Was fehlt Deutschland am meisten? Die Antwort ist klar: Dem Land fehlen Leute, die sich um andere kümmern. Leute, die für solide Bildung, verlässliche Sicherheit und Lebenswürde im hohen Alter sorgen. Leute, die das Rückgrat eines sozialen Staates bilden – und dafür sorgen, dass sich die Bürger nicht von diesem Staat abwenden. Doch genau bei diesen Kümmerern wird die Lücke immer größer. Deutschland fehlen Zehntausende Erzieher und Lehrer, Polizisten und Pfleger. Sicher, die Digitalisierung ist eine großartige Sache und kann viele Prozesse erleichtern – doch es gibt Aufgaben, die nur gut ausgebildete Menschen erledigen können. Und diese Aufgaben wachsen täglich.
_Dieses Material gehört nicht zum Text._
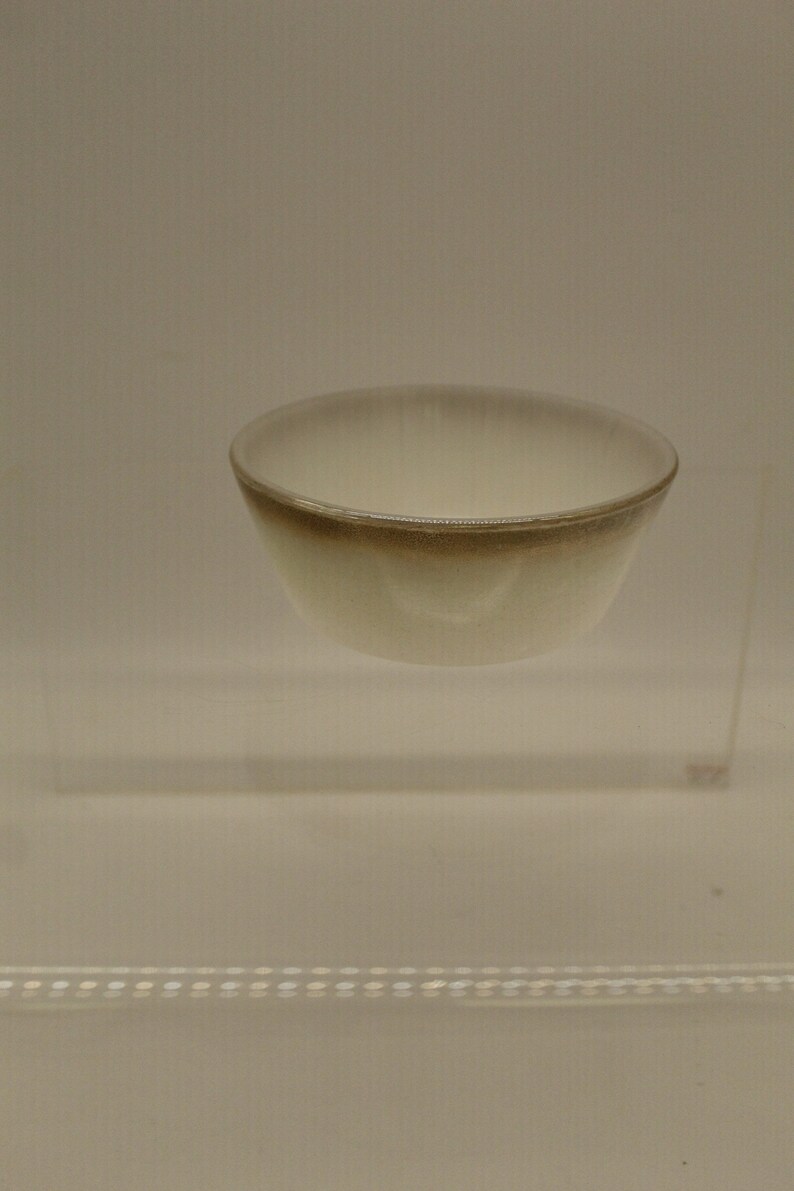 May include: A small, white ceramic bowl with a brown rim. The bowl is sitting on a clear glass platform.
An den Grundschulen fehlen einer neuen Studie zufolge bis 2025 rund 26.000 Lehrer – und damit etwa 11.000 mehr als die Bundesländer bislang kalkuliert hatten. Das ist kaum aufzuholen. Schon deshalb nicht, weil der Lehrermangel aus vielen Gründen wächst: Wegen der höheren Geburtenzahlen, wegen der Zuwanderung, wegen der Inklusion von Kindern mit Behinderungen und schließlich auch wegen der Ausweitung der Schule am Nachmittag. Ab 2025 sollen Eltern einen Rechtsanspruch darauf bekommen.
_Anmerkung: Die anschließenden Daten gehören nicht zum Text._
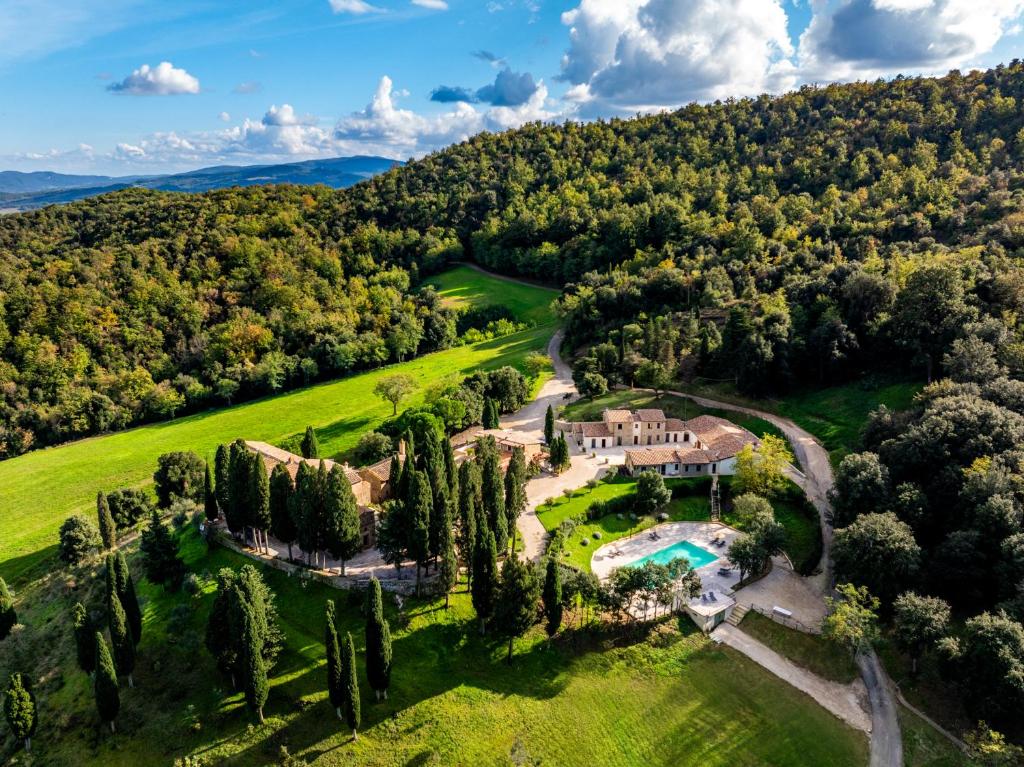 an aerial view of a mansion with a pool and trees at Tenuta La Farneta in Casole dʼElsa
Doch nicht nur der rechnerische Bedarf an Lehrern wächst. Auch die Bedeutung der Lehrer wird von Jahr zu Jahr größer: Lehrer können nicht komplett ersetzen, was Eltern bei der Förderung ihrer Kinder nicht leisten können oder wollen. Aber außer den Lehrern ist oft sonst niemand da, der das zumindest versucht. Gerade in Brennpunktschulen, gerade dort, wo Kümmerer besonders dringend gebraucht werden. Hier sind die katastrophalen Folgen des Lehrermangels längst spürbar. Passiert in den nächsten Jahren nicht genug, um die Lücken zu schließen, wird aus dem Lehrermangel eine nationale Bildungskatastrophe.